Falta, desgraciadamente falta, y no es algo
que esté comprobando en los últimos tiempos. Es algo que viene de antiguo: falta
gente que dé su palabra y tenga cojones para mantenerla —disculpen aquellos que
se sientan ofendidos si intuyen connotaciones machistas en la expresión “cojones”;
está lejos de ser mi intención, pues refiero con esa palabra la interjección
que expresa un estado de ánimo de enfado al tiempo que determinación—.

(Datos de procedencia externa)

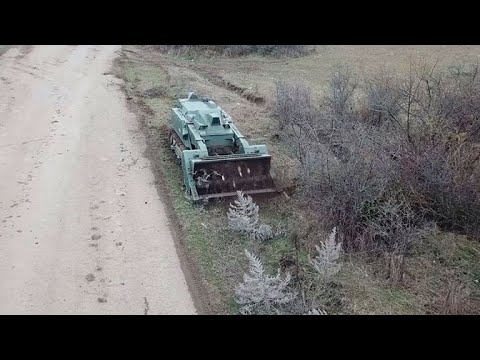«Уран-6» за работой: российские миротворцы проводят разминирование в Карабахе
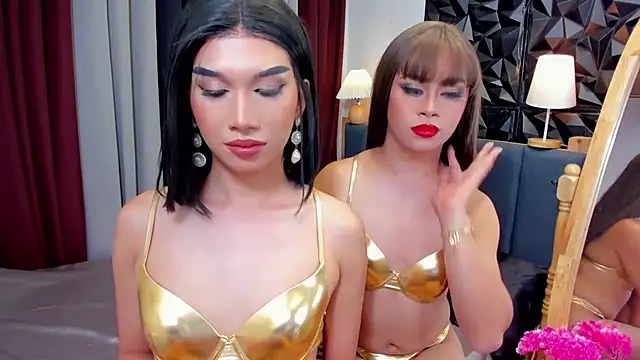 MaxCollins online show from 11/02/25, 04:23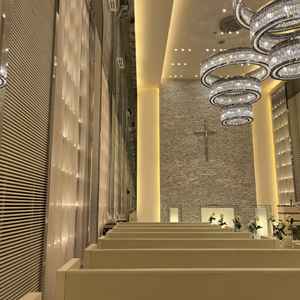 ガラスのチャペルがかわいい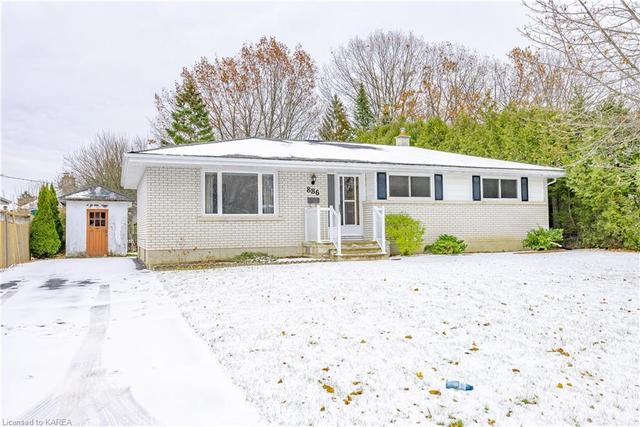 886 Haverhill Dr, House detached with 3 bedrooms, 1 bathrooms and 3 parking in Kingston ON | Image 1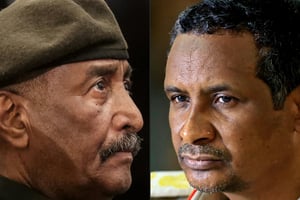Montage photo du général Fattah al-Burhane (G, le 5 décembre 2022) et du général Mohamed Hamdane Daglo (D, le 8 juin 2022). © ASHRAF SHAZLY / AFP
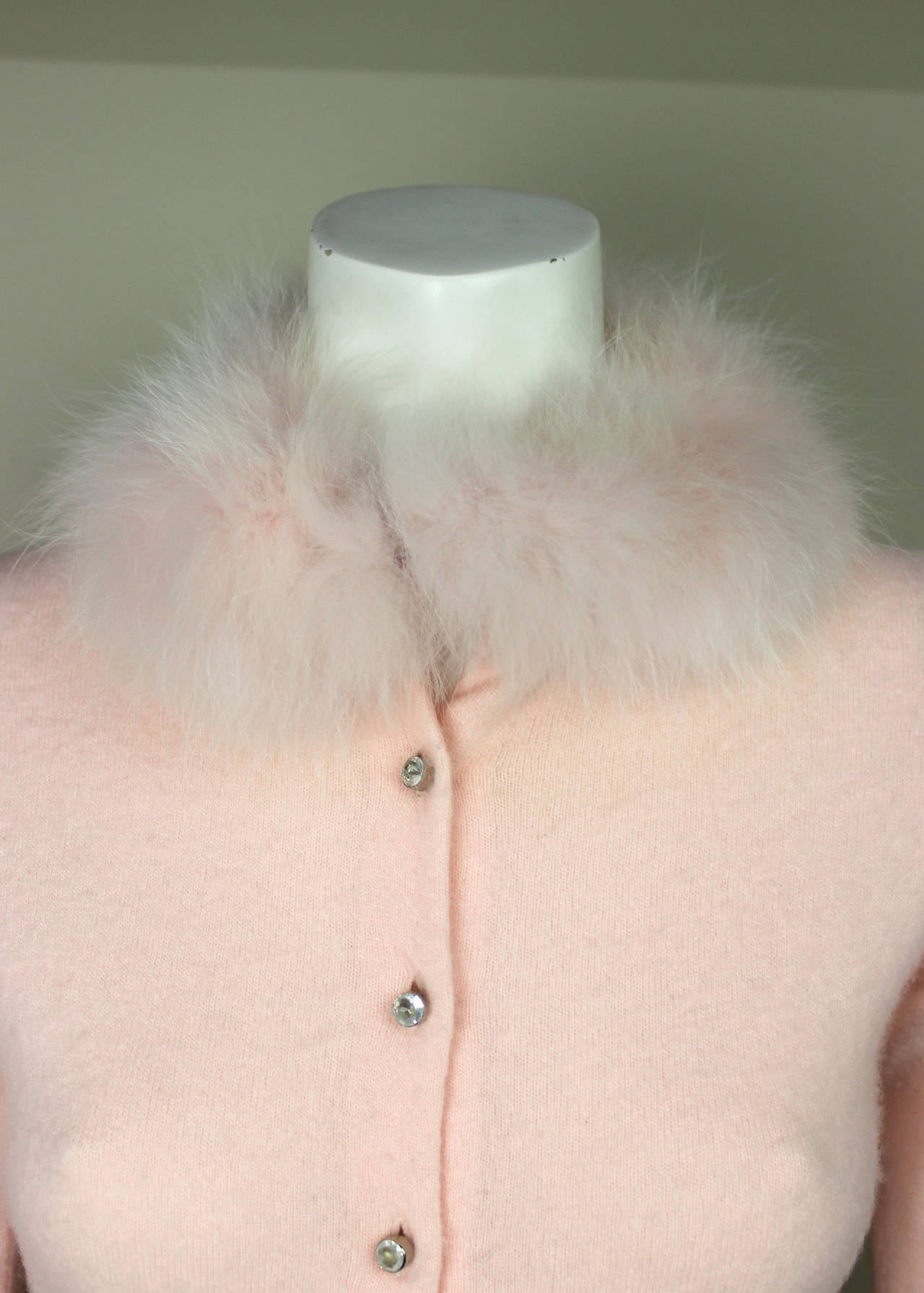 1950s Pink Cashmere Sweater with Matching Fox Collar In Excellent Condition In New York, NY
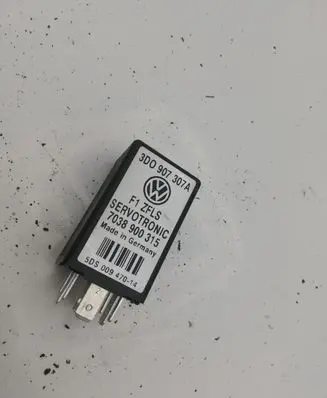 Volkswagen Phaeton Other relay 3D0907307A 7038900315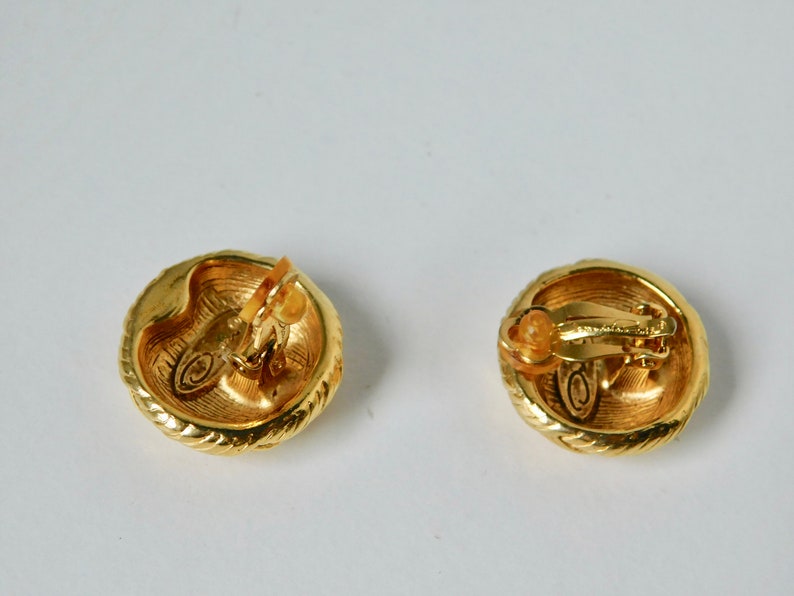 Vintage Oscar De La Renta Gold tone Clip on Earrings.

Fue su abuelo, como podría haber sido el mío,
quien lo dijo. Yo se lo escuché a su nieto y comprendí al instante su verdadero
significado. Por si hubiera dudas entre ambos lo comentamos, lo aclaramos y convinimos
su ilustre sentido. La gente es incapaz de comprometer su palabra y, llegado el
extraño caso de hacerlo, termina careciendo de la valentía necesaria para
conservarla. Por desgracia esto se ha convertido en un mal endémico de la
sociedad actual difícil de atajar y más difícil de eliminar, aunque admito que
todos hemos terminado asumiéndolo con bastante naturalidad, seguramente por
adaptación, tal vez por costumbre y con toda probabilidad como consecuencia de
su normalización.
Es tan sencillo encontrar gente en todos los
sectores sociales que no tengan la valentía de dar su palabra o que falten a
ella por su propio beneficio que produce repugnancia. Encuentras personas de
toda índole y escala social —me atrevería a decir que predominan los de alta
alcurnia o condición— que mienten y falsean la verdad para alcanzar su espurio objetivo
malogrando sin remordimiento el esfuerzo de otros y sin menoscabo, aparente, de
su propia dignidad. Resulta aterrador comprobar como el beneficio logrado e
incluso a veces el éxito alcanzado llega a aquellos que obran de este modo y terminan
siendo reconocidos, venerados e incluso envidiados por alcanzar el deseado fin
sin que nadie ponga reparos al camino recorrido para hacerlo. Tanto es así que
termina siendo una actitud naturalizada e indefectiblemente envidiada internamente,
aunque no siempre sea así y, a veces, se vanaglorien públicamente algunos de
haber actuado de esta forma ruin siendo aceptada su advocación por muchos otros.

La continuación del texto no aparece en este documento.